[COSE] Re: Thoughts about the Context Information in COSE

Phillip Hallam-Baker Thu, 26 Sep 2024 16:24:48 -0700

On Thu, Sep 26, 2024 at 7:02 PM Orie Steele <[email protected]>
wrote:


> Protected headers and sig structure already sorta accomplish this for JWS
> and cose-sign1.
>

I agree.

The hash version is only really useful for legacy ASN.1 stuff and for
people who roll their own for whatever reason.


There was a thread a while back about composite sigs and if PGP, JOSE and
> CMS should have protocol specific context separation... I think if you are
> going to do composite sigs, it would be ok to do them without protocol
> specific context binding... But you have to agree on a context string...
> And it
> would be weird for COSE to use OIDs for Ed25519 + ML-DSA... But it would
> work.
>

OIDs bleed through into all the protocols, it's just a fact of life. But in
this case, all we need for the context is an opaque sequence of bytes that
is different for COSE, JOSE, XML Sig, etc.

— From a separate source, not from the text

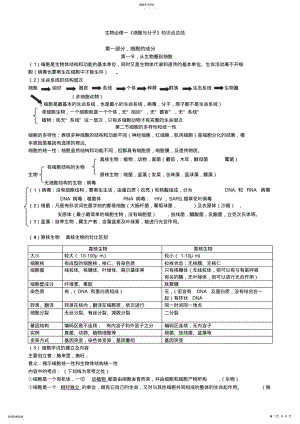 2022年知识点总结必修一 .pdf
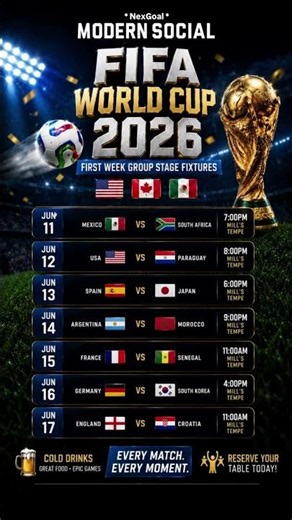 FIFA World Cup 2026 Match Schedule ⚽ | Group Stage Fixtures & Match Dates | World Cup 2026 #fifa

The bytes don't take up any space on the wire even, it's just a fixed
constant.



> Maybe in 2024 all signatures should have protocol specific context
> separation.
>

I agree in spirit but 'protocol' is not a good term to use here because it
is a bit too squishy. It could stand for the envelope or for the
application.

I agree with Sophie that there should not be bleed through of the
application context separation identifier into the signature when signing
with COSE/JOSE/etc. Those envelope formats have plenty of slots where that
information can be added.

I disagree with using empty. It should be a fixed series of bytes that is
different for each envelope or data object.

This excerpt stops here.